Par ailleurs, l’attrait des multinationales pour les médias n’est pas seulement financier. Il est également politique, dans la mesure où le développement des grands secteurs d’activités industrielles dépend fortement des marchés publics octroyés par l’État. Dans cette logique de compétition farouche qui oppose les grandes entreprises souhaitant s’accaparer de parts de marchés, la possession d’outils médiatiques constitue un atout redoutable pour influencer les décideurs politiques. De plus, ces outils contribuent grandement à renforcer des liens pourtant déjà étroits entre le monde industriel et le pouvoir politique(10).

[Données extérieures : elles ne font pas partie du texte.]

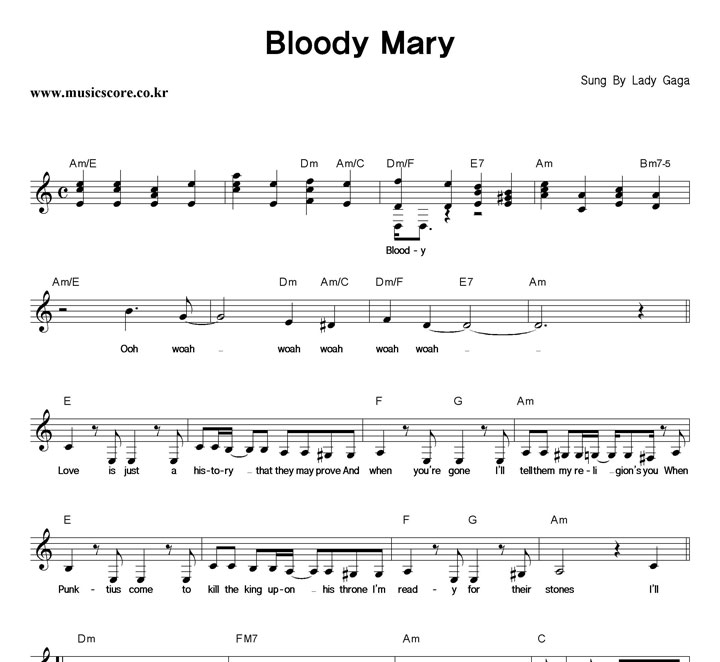 Lady Ga Ga Bloody Mary Ǻ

2. La concentration des médias s’accompagne d’un enchevêtrement des intérêts

Au renforcement de ces liens s’ajoute un jeu de participations croisées qui abouti à la concentration des médias suivi d’un enchevêtrement des intérêts. Ainsi par exemple, si Bouygues est le premier actionnaire de TF1, les groupes Pinault (Fnac, Printemps, Le Point, Radio BFM…) et Arnault (La Tribune, Investir, Lvmh…) en sont également actionnaires. Il en découle que de manière générale, les magnats de l’industrie médiatique partagent souvent les mêmes conseils d’administration et savent nouer des alliances fructueuses. Pour s’en convaincre, il suffit de considérer la relation entre Dassaut et Lagardère, qui contrôlaient ensemble 70% de la presse en 2005. D’ailleurs, c’est dans ce sens qu’Arnaud Lagardère déclarait : « Il faut que nous arrivions à une entente et même une coopération étroite avec Dassault. » (Arnaud Lagardère, Les Echos, 13/06/03).

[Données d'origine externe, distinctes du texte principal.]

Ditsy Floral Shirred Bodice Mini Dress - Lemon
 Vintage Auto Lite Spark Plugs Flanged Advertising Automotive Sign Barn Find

3. Des sources de financement de moins en moins le public
A cette concentration de la propriété des médias s’ajoute la problématique de leur financement. En effet, les sources de financement des médias sont de moins en moins le public (ventes, redevance audiovisuelle...) et de plus en plus la publicité. C’est ce constat qu’effectuait le directeur de TF1 lorsqu’il expliquait avec beaucoup de sincérité que le but capitaliste d’un média industriel est de vendre l’attention du public aux annonceurs publicitaires. C’est pourquoi les agences publicitaires ne financeront pas des médias mettant sérieusement en cause les activités des grandes firmes de l’automobile, de la grande distribution, de la téléphonie, etc. il s’en suit qu’en règle général ces médias éviteront des contenus complexes qui bouleversent les idées reçues des populations, ainsi que les controverses dérangeantes qui risquent de gâcher l’envie d’acheter et de se divertir. Et si par inadvertance il arrivait qu’ils en parlent, ils le feront sur un mode caricatural ou confus.

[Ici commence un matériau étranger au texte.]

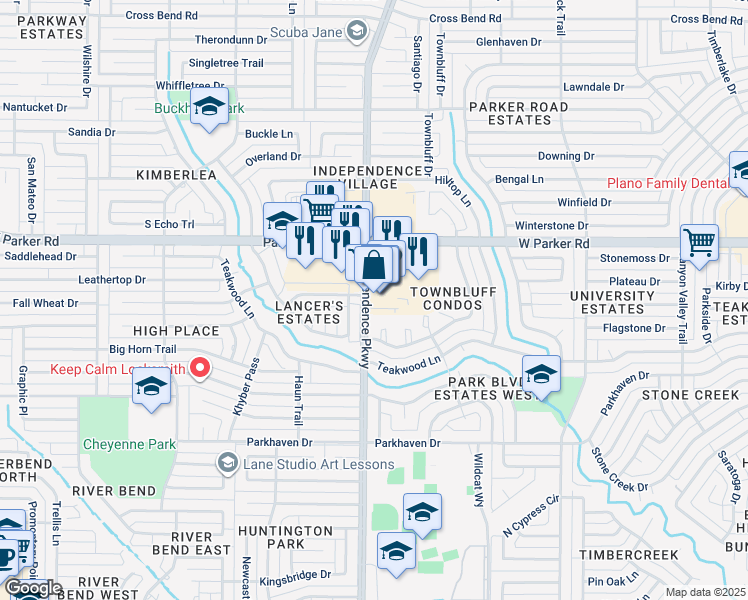 map of restaurants, bars, coffee shops, grocery stores, and more near 216 Independence Parkway in Plano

Dans cette logique, seront marginalisé les informations concernant : les mouvements squat ou féministes, les collectifs de soutien aux détenus, les collectifs contre la torture ou la répression policière, la situation dans les prisons, les hôpitaux psychiatriques ou les maisons de retraite, les détournements de fonds publics, le commerce des armes par les pays occidentaux, la destination finale de l’aide publique au développement, la situation des droits de l’homme dans les pays alliés aux grandes puissances occidentales, les conséquences sociales des politiques de la Banque Mondiale, les nuisances de l’agriculture intensive, la Françafrique, etc.

4. Les conséquences de l’information ‘’clé en main’’

Cette sorte de censure financière des agences publicitaires est rendu possible par le fait que le journalisme d’investigation nécessite du temps et de l’argent. Or, suivant la logique capitaliste, il est plus rentable de privilégier l’information ‘’clé en main’’, mobilisant moins de journalistes. Cette situation privilégie :

Les multinationales, les institutions publiques ou privées, lobbies, etc., qui disposent de cabinets de communication aux budgets parfois colossaux ;
Les agences de presse comme l’Associated Press (Etats-Unis), Reuters (Angleterre) et l’Agence France Presse (AFP)(11) qui, au niveau mondial, fournissent l’essentiel des informations ;
Quelques médias ‘’de référence’’ disposant de moyens d’enquête, notamment les journaux Le Monde, Le Figaro, Les échos, etc.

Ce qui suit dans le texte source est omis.